-- ACTION ITEM --
Reproduce, please, only the lines from the first line below to the line containing "Yellow cotton print", inclusive.

-- STORED DATA --
_ _ _ _ _ _ _

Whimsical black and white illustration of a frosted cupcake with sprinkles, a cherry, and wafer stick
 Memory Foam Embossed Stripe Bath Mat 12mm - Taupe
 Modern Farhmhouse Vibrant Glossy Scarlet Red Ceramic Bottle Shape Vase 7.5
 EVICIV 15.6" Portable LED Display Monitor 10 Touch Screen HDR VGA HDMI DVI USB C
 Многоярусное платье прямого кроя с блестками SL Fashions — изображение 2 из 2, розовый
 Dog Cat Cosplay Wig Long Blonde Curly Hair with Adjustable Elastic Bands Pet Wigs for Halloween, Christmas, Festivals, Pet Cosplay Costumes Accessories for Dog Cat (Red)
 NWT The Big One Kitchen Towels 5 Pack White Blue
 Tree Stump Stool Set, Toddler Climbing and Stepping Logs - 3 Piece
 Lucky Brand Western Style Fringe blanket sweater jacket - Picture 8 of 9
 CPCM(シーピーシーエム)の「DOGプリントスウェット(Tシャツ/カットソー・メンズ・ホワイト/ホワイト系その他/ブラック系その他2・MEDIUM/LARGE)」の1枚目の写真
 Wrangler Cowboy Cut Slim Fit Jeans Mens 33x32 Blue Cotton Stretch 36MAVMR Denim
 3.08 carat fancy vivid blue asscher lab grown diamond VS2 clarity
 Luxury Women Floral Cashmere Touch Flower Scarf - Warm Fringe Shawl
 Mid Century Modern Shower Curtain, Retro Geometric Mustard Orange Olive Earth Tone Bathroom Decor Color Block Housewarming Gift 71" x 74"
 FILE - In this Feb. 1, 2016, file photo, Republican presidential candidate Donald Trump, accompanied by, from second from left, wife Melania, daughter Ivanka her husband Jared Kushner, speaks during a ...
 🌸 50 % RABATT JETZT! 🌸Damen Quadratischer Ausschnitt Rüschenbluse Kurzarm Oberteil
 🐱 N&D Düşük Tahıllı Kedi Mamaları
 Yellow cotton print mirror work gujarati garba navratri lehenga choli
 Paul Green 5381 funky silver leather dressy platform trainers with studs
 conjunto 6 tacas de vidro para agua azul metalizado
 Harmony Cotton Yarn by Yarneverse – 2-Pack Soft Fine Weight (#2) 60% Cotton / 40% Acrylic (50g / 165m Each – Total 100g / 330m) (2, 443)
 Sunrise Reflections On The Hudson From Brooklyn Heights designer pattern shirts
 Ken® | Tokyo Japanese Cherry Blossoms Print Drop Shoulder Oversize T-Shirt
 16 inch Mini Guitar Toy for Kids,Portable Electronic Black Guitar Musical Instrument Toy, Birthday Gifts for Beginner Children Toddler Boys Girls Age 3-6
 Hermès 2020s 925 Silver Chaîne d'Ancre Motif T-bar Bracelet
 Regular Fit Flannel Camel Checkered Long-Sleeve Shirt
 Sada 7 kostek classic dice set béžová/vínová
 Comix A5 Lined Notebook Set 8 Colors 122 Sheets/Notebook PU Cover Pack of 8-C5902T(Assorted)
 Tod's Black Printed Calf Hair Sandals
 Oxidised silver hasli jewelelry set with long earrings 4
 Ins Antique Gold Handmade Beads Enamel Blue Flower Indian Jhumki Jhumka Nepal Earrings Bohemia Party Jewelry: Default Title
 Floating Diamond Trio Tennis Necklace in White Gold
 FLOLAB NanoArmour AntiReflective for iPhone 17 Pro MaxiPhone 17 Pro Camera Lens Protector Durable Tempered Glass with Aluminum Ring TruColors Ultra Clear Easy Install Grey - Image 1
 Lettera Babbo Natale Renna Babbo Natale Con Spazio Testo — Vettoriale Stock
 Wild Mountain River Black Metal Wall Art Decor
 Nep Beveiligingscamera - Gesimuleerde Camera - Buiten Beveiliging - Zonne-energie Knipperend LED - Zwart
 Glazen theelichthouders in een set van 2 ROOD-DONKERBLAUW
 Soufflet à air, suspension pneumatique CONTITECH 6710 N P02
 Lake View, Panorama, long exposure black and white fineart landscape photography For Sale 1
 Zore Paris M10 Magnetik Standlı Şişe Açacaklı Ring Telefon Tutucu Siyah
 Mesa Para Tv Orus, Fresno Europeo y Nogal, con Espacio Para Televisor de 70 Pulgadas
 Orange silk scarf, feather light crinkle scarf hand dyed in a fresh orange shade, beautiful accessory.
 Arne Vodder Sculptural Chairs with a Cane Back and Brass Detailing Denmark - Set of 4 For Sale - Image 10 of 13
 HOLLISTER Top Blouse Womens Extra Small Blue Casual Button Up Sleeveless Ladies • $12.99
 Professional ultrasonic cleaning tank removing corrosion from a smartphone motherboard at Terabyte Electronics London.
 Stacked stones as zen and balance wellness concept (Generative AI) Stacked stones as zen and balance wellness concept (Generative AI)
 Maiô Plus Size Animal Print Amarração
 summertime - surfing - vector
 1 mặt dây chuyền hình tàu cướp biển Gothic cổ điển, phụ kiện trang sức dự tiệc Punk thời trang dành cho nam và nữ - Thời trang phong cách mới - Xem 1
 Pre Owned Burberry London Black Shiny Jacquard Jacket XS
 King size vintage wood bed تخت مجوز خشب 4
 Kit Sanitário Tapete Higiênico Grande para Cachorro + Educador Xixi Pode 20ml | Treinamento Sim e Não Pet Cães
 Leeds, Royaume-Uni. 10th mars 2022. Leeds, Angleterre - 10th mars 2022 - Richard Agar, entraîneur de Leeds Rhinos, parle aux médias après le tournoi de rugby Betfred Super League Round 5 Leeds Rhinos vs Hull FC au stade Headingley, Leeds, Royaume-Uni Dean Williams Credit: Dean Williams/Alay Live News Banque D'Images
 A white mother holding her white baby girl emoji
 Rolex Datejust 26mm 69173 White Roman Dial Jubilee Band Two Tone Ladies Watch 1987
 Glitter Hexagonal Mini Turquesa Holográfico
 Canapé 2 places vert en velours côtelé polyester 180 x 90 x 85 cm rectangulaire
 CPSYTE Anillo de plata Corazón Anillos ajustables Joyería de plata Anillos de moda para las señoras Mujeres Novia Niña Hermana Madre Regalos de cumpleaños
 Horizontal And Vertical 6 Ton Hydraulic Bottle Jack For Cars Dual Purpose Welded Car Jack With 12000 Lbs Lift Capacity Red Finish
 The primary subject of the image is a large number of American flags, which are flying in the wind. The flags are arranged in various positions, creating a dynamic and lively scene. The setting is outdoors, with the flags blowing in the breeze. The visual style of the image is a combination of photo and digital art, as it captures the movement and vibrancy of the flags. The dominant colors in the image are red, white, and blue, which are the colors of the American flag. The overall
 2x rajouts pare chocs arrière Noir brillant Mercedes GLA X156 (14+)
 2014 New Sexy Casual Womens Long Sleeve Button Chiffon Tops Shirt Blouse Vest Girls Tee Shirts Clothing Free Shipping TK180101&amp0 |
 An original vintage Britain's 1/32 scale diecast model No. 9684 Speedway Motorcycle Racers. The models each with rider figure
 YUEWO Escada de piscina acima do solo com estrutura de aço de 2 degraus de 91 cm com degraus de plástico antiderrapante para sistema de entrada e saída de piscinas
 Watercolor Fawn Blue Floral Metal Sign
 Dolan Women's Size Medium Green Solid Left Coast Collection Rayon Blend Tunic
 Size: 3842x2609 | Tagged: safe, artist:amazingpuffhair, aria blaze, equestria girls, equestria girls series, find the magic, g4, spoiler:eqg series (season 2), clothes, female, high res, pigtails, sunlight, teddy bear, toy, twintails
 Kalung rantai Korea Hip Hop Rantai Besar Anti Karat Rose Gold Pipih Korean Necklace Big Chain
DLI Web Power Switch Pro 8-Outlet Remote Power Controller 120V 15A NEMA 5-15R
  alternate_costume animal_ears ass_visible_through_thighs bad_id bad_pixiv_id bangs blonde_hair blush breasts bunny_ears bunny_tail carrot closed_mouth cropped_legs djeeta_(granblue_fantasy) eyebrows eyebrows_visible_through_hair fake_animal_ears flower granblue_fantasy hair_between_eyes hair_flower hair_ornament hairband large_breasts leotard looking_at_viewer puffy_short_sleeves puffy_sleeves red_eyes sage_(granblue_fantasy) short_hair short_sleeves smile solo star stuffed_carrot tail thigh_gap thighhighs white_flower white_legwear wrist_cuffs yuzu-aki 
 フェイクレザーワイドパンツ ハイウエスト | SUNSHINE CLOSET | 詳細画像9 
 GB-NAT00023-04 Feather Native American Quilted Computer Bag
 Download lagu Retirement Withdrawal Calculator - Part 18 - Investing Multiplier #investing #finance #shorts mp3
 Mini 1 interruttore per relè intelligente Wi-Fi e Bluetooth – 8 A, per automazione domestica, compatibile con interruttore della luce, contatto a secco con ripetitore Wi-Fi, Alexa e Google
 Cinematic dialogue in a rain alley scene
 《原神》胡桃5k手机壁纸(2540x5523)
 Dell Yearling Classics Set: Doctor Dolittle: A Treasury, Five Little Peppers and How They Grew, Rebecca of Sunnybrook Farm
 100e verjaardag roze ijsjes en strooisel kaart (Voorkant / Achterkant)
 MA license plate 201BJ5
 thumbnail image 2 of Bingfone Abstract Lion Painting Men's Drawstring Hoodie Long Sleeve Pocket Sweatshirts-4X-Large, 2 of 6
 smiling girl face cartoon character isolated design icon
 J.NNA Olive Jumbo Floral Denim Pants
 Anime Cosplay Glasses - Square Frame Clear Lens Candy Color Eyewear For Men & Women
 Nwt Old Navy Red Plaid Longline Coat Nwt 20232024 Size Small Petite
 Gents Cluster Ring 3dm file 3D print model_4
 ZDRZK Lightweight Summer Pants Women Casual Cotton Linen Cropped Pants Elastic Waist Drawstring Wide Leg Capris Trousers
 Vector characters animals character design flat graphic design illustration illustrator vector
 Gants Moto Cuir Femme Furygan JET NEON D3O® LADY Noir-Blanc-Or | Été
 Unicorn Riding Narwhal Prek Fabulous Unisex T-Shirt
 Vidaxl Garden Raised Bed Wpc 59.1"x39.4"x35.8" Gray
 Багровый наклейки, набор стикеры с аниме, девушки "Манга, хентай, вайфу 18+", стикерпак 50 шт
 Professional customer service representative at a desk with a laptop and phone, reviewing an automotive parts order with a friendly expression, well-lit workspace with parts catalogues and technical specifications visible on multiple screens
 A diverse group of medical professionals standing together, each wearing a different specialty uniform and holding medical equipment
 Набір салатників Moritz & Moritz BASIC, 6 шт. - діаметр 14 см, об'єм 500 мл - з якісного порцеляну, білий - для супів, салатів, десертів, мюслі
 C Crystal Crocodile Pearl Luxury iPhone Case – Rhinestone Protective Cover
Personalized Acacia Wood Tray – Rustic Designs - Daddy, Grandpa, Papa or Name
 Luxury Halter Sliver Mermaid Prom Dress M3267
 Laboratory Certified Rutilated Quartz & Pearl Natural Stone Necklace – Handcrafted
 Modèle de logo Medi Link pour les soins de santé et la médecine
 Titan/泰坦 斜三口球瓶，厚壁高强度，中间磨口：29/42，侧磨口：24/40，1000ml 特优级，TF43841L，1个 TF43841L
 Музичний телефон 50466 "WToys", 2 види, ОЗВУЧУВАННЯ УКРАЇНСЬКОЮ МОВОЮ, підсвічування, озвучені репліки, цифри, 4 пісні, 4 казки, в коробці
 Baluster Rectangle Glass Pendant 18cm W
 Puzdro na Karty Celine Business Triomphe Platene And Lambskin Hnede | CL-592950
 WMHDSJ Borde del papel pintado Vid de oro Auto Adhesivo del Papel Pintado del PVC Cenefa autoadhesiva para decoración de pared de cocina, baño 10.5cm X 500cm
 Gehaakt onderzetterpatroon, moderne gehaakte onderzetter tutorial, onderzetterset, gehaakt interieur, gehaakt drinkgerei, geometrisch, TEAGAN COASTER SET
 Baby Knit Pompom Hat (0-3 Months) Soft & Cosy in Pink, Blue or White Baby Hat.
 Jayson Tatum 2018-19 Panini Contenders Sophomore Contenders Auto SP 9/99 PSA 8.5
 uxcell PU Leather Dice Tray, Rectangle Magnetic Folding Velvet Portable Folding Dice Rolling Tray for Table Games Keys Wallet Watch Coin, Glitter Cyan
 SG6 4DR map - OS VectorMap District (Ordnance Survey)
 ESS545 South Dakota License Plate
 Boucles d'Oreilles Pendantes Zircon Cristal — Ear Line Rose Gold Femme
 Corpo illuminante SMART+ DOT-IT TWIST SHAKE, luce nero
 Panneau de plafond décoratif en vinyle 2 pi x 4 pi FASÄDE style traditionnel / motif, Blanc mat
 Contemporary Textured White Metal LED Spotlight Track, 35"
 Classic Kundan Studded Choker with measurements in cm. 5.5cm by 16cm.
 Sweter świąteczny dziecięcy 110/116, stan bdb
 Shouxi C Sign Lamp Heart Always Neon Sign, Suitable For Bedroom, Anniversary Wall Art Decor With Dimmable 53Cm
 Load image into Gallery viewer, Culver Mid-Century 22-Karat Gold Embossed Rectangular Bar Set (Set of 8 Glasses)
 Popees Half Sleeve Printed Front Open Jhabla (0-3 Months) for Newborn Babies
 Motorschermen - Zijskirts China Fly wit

_ _ _ _ _ _ _

-- ANSWER SPACE --
Whimsical black and white illustration of a frosted cupcake with sprinkles, a cherry, and wafer stick
 Memory Foam Embossed Stripe Bath Mat 12mm - Taupe
 Modern Farhmhouse Vibrant Glossy Scarlet Red Ceramic Bottle Shape Vase 7.5
 EVICIV 15.6" Portable LED Display Monitor 10 Touch Screen HDR VGA HDMI DVI USB C
 Многоярусное платье прямого кроя с блестками SL Fashions — изображение 2 из 2, розовый
 Dog Cat Cosplay Wig Long Blonde Curly Hair with Adjustable Elastic Bands Pet Wigs for Halloween, Christmas, Festivals, Pet Cosplay Costumes Accessories for Dog Cat (Red)
 NWT The Big One Kitchen Towels 5 Pack White Blue
 Tree Stump Stool Set, Toddler Climbing and Stepping Logs - 3 Piece
 Lucky Brand Western Style Fringe blanket sweater jacket - Picture 8 of 9
 CPCM(シーピーシーエム)の「DOGプリントスウェット(Tシャツ/カットソー・メンズ・ホワイト/ホワイト系その他/ブラック系その他2・MEDIUM/LARGE)」の1枚目の写真
 Wrangler Cowboy Cut Slim Fit Jeans Mens 33x32 Blue Cotton Stretch 36MAVMR Denim
 3.08 carat fancy vivid blue asscher lab grown diamond VS2 clarity
 Luxury Women Floral Cashmere Touch Flower Scarf - Warm Fringe Shawl
 Mid Century Modern Shower Curtain, Retro Geometric Mustard Orange Olive Earth Tone Bathroom Decor Color Block Housewarming Gift 71" x 74"
 FILE - In this Feb. 1, 2016, file photo, Republican presidential candidate Donald Trump, accompanied by, from second from left, wife Melania, daughter Ivanka her husband Jared Kushner, speaks during a ...
 🌸 50 % RABATT JETZT! 🌸Damen Quadratischer Ausschnitt Rüschenbluse Kurzarm Oberteil
 🐱 N&D Düşük Tahıllı Kedi Mamaları
 Yellow cotton print mirror work gujarati garba navratri lehenga choli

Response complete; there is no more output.